*What is required:*
Among the entries below, retype exactly the lines starting with the one with "Metal Extension Chain" and going on through the one with "ScotsTee Shop Scottish", but not the pictures.

*Material shown:*
-.-.-

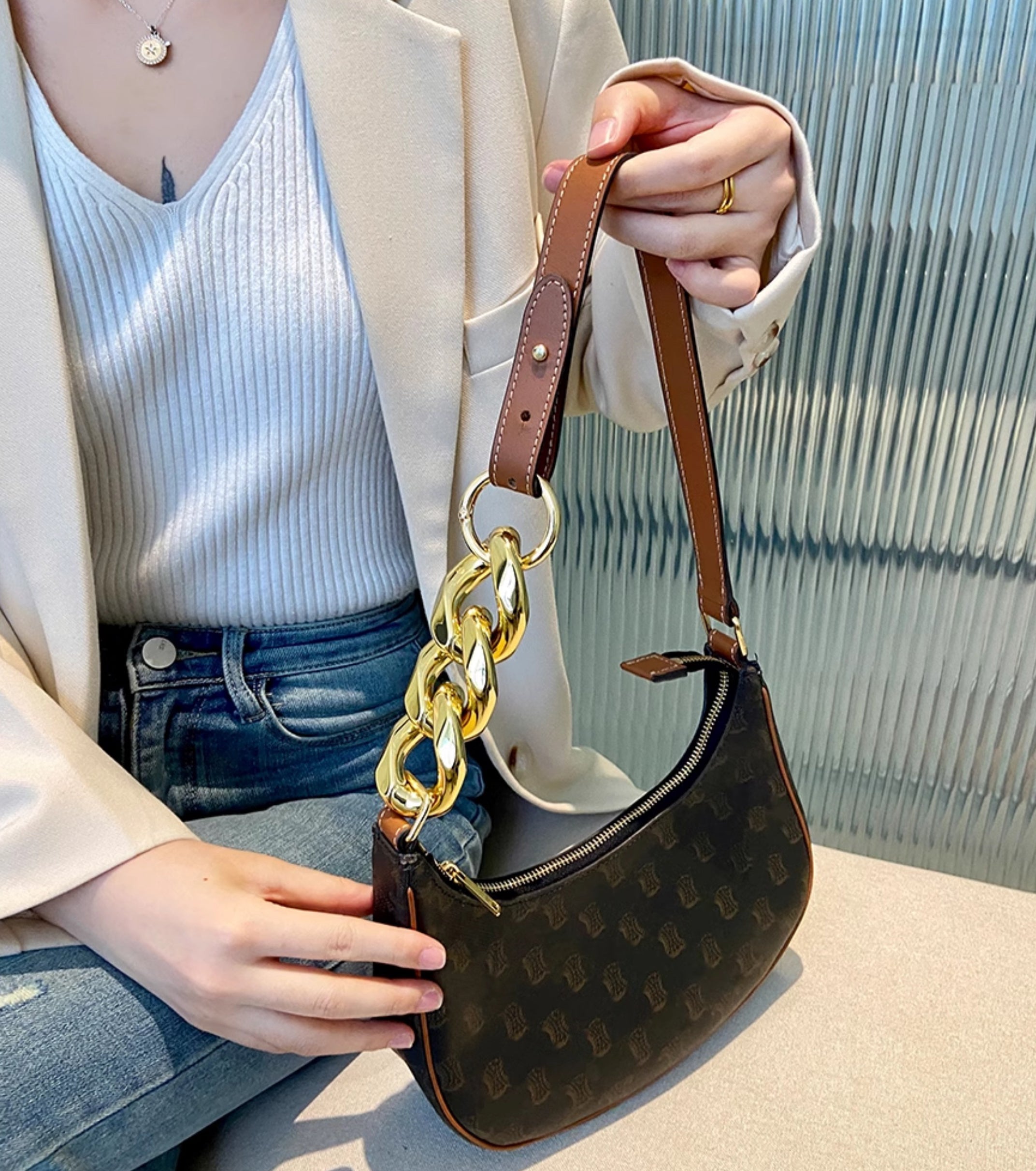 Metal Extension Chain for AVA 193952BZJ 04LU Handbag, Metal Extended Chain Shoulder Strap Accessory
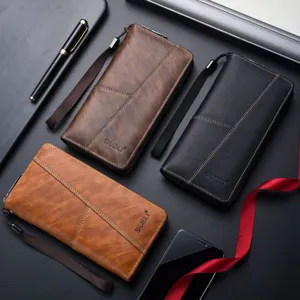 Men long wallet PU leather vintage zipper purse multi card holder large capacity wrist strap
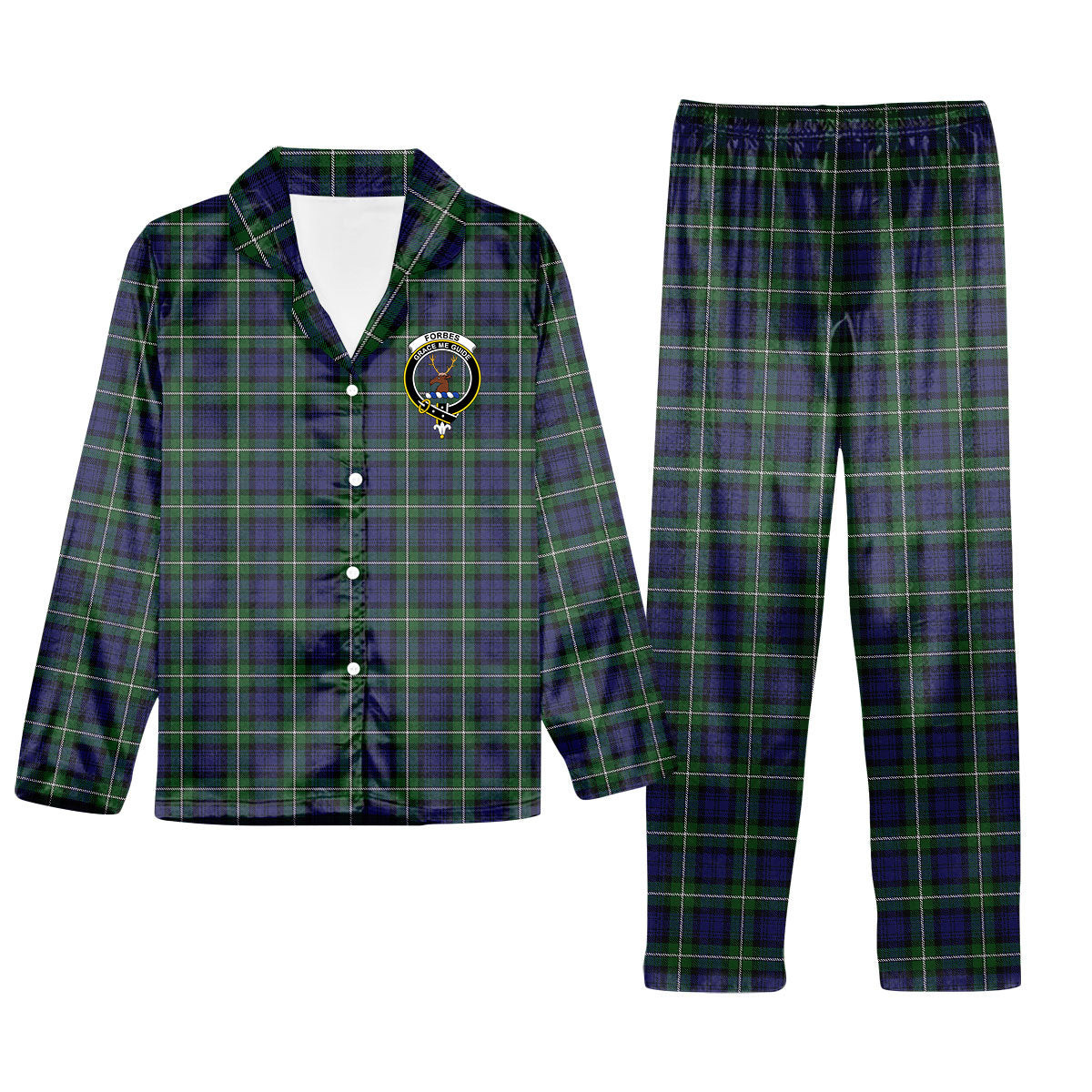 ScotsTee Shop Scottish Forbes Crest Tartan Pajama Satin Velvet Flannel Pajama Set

-.-.-

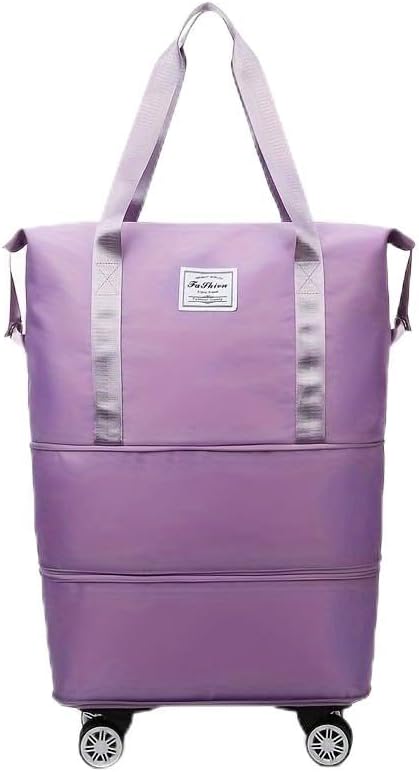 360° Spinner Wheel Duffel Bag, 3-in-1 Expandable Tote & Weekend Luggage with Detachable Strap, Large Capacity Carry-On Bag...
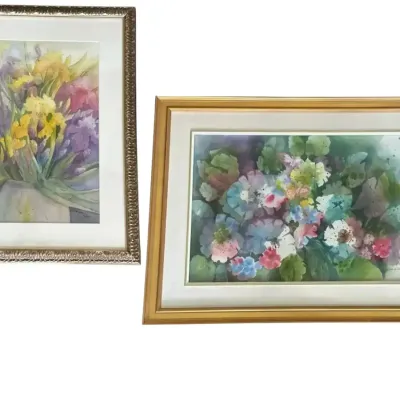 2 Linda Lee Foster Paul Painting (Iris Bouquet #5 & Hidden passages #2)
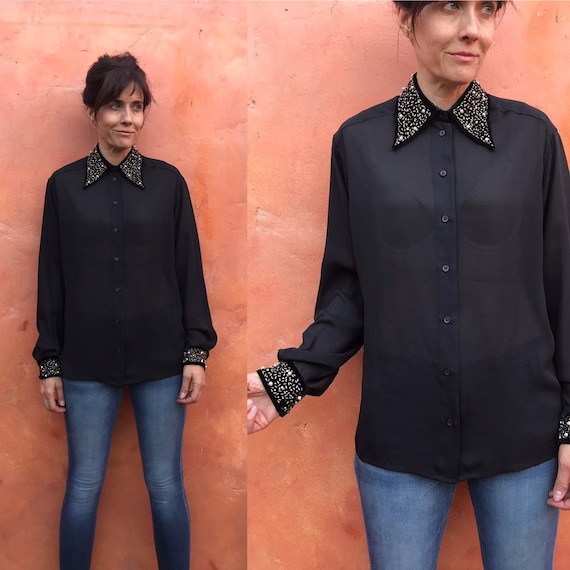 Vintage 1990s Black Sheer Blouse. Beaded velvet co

-.-.-

*Expected answer:*
 Metal Extension Chain for AVA 193952BZJ 04LU Handbag, Metal Extended Chain Shoulder Strap Accessory
 Men long wallet PU leather vintage zipper purse multi card holder large capacity wrist strap
 ScotsTee Shop Scottish Forbes Crest Tartan Pajama Satin Velvet Flannel Pajama Set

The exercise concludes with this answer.